▶ [Exercise brief]
If pictures are present, leave them out, and copy the data word for word.

▶ [Data]
——————

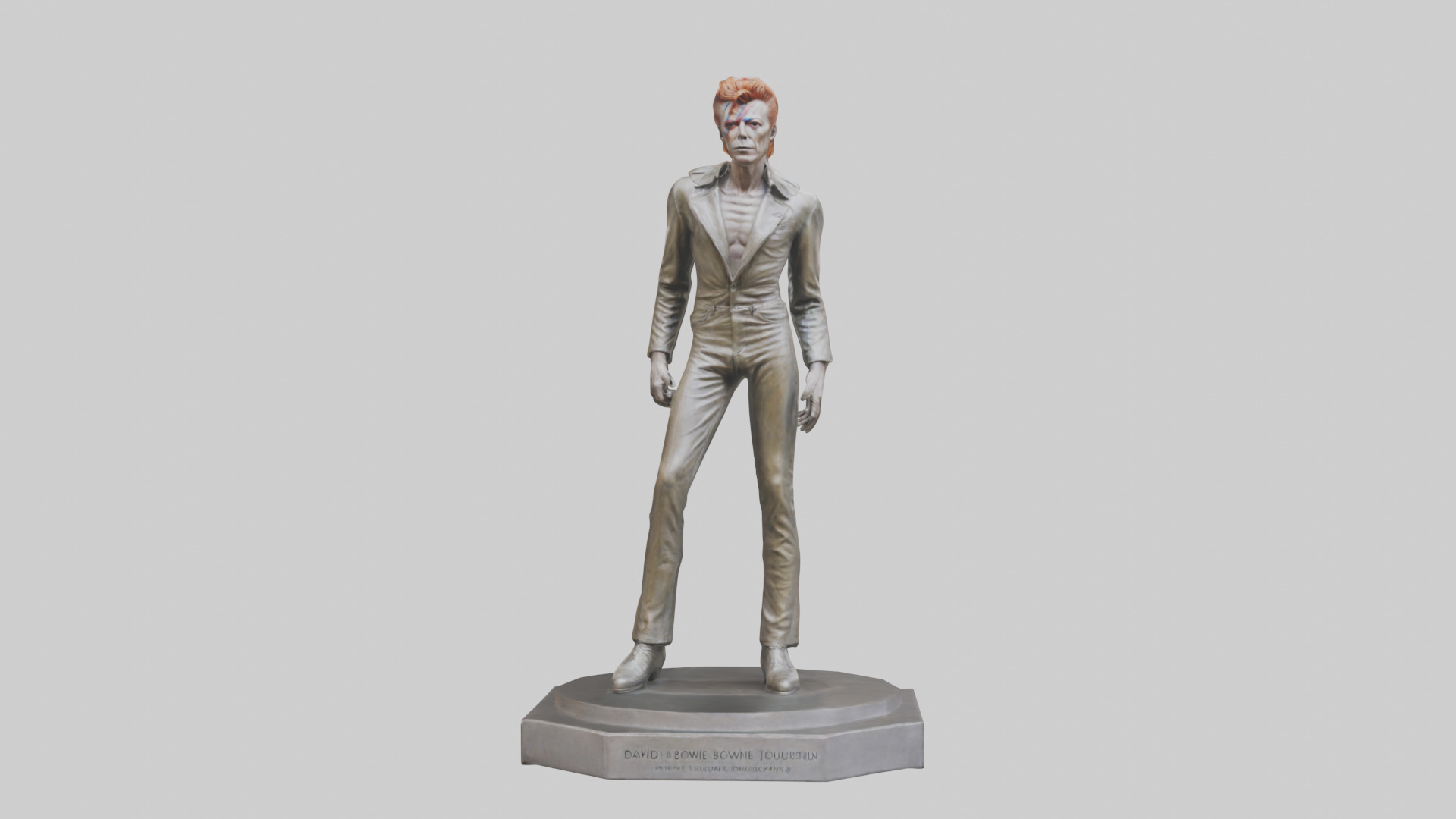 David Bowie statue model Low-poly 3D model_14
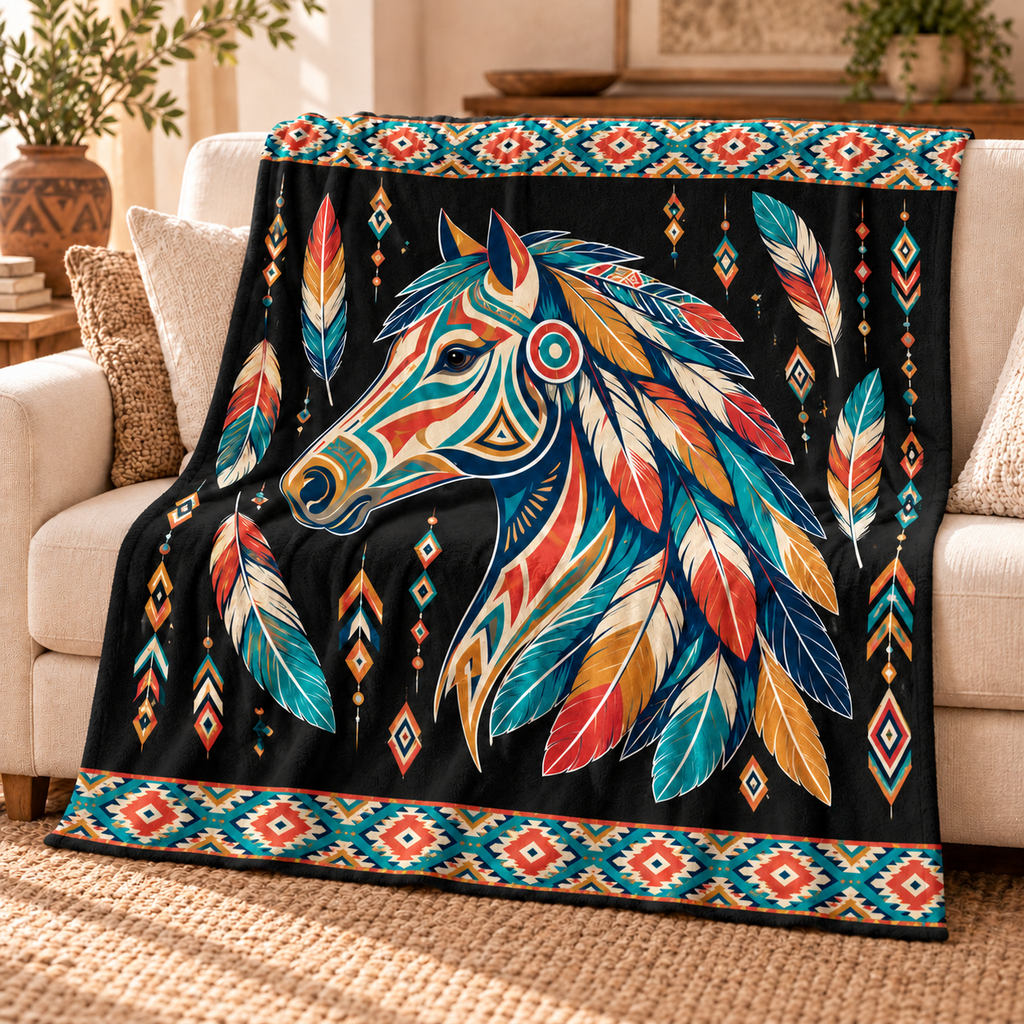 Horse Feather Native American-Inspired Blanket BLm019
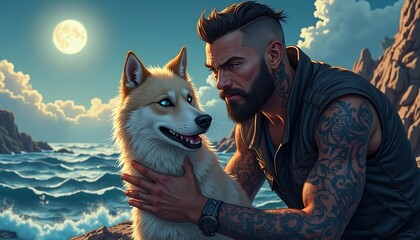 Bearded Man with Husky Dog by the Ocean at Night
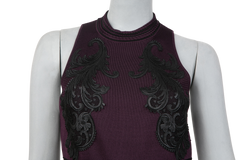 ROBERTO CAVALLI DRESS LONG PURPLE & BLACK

——————

▶ [Task answer]
 David Bowie statue model Low-poly 3D model_14
 Horse Feather Native American-Inspired Blanket BLm019
 Bearded Man with Husky Dog by the Ocean at Night
 ROBERTO CAVALLI DRESS LONG PURPLE & BLACK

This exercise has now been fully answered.